# Motion problem

1. Sep 13, 2007

### faoltaem

I have a problem from a practice physics exam:
The specifications for design of a playgroud slide say that a child should gain a speed of no more than 15m/s by sliding down the eqipment.

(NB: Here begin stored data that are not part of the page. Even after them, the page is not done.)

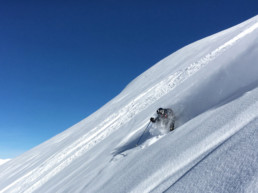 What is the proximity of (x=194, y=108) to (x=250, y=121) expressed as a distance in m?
2.95

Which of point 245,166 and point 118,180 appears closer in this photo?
point 245,166

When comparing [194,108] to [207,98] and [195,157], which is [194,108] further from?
[195,157]

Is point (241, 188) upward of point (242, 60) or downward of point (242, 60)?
downward

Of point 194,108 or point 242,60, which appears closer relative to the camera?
point 194,108

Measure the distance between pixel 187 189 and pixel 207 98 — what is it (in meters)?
3.74

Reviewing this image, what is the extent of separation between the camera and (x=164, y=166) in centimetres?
303

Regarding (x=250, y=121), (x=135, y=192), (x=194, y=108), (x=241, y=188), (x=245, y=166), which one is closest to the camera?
(x=241, y=188)

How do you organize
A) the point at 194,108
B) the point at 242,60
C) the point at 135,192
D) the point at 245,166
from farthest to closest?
the point at 242,60, the point at 194,108, the point at 135,192, the point at 245,166

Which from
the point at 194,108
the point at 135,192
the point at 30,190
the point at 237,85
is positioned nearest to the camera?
the point at 135,192

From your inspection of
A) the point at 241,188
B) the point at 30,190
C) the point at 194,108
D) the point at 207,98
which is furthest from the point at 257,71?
the point at 30,190

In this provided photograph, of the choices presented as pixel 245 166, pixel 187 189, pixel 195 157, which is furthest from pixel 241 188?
pixel 195 157

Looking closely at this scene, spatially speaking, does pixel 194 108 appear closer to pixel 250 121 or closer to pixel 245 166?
pixel 250 121

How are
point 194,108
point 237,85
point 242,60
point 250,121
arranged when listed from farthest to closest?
point 242,60
point 194,108
point 237,85
point 250,121

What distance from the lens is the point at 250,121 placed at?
2.54m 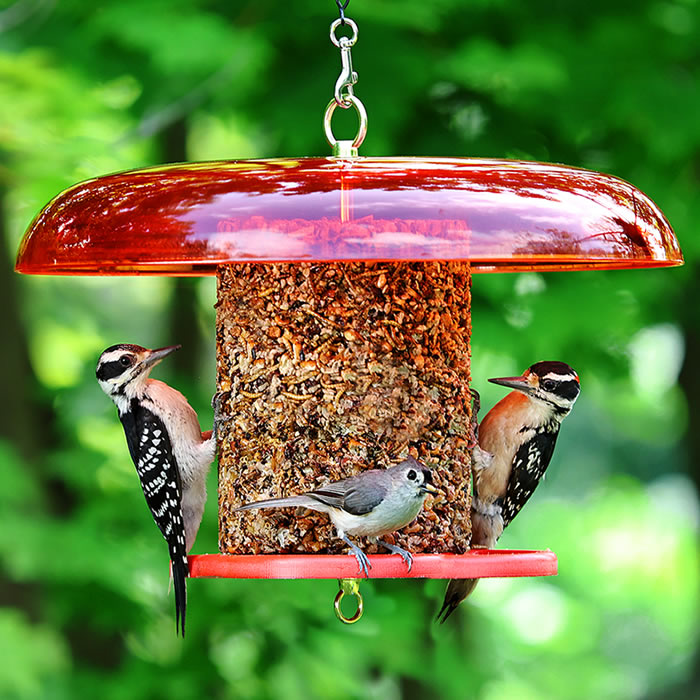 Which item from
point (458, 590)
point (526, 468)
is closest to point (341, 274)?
point (526, 468)

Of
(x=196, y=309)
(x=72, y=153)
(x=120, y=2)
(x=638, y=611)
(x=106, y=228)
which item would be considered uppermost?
(x=106, y=228)

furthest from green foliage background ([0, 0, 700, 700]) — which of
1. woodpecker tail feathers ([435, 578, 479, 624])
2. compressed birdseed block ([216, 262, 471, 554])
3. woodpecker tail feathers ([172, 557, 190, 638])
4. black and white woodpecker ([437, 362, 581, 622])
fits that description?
compressed birdseed block ([216, 262, 471, 554])

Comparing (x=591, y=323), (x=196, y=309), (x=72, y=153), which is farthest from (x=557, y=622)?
(x=72, y=153)

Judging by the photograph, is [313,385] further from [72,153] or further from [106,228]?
[72,153]

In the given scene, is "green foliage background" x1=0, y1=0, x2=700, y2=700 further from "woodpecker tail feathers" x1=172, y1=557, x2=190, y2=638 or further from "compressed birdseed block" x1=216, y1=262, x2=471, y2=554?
"compressed birdseed block" x1=216, y1=262, x2=471, y2=554

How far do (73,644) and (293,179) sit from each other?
6.54 metres

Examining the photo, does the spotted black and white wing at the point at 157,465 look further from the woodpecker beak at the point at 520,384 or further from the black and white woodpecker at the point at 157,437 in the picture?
the woodpecker beak at the point at 520,384

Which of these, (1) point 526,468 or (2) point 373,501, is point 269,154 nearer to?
(1) point 526,468

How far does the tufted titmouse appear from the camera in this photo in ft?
10.4

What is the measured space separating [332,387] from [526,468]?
0.92 meters

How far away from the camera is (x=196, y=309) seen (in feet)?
29.3

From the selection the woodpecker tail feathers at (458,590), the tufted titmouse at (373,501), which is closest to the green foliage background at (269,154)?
the woodpecker tail feathers at (458,590)

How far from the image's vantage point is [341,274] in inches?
135

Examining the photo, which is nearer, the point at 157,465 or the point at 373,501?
the point at 373,501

How tall can the slide be?

these are the equations that we'll be given in our exam:
v$$_{x}$$ = v$$_{0x}$$ + a$$_{x}$$t
x = $$\frac{1}{2}$$ (v$$_{0x}$$ + v$$_{x}$$)t
x = v$$_{0x}$$t + $$\frac{1}{2}$$a$$_{x}$$t$$^{2}$$
v$$_{x}$$$$^{2}$$ = v$$_{0x}$$$$^{2}$$ + 2a$$_{x}$$x

although i can work out the answer to the problem i had to look up a new equation because i couldn't work out how to do it with the equations that we were given, so i was wondering if it was possible to do it with one of them, so if you could tell me which one would work the best or if i should just start memorising some new equations, but here's what i did anyway:
v$$_{max}$$ = 15m/s where g = -9.81m/s
v$$_{y}$$$$^{2}$$ = -2g$$\Delta$$y
therefore $$\Delta$$y = $$\frac{v_{y}^{2}}{-2g}$$ = $$\frac{15^{2}}{-9.81\times-2}$$
=11m

Thanks

2. Sep 13, 2007

### proasd

I would work out the energy
gain in kinetic energy = loss in gravitational potential energy
(1/2)(m)(v^2) = (m)(g)(h)
simplifying you get
v^2 = 2(g)h
h = (121)/(2g)

3. Sep 13, 2007

### faoltaem

thanks for that, i didn't even consider energy and those formulae are included too so no memorising

once again thanks a bunch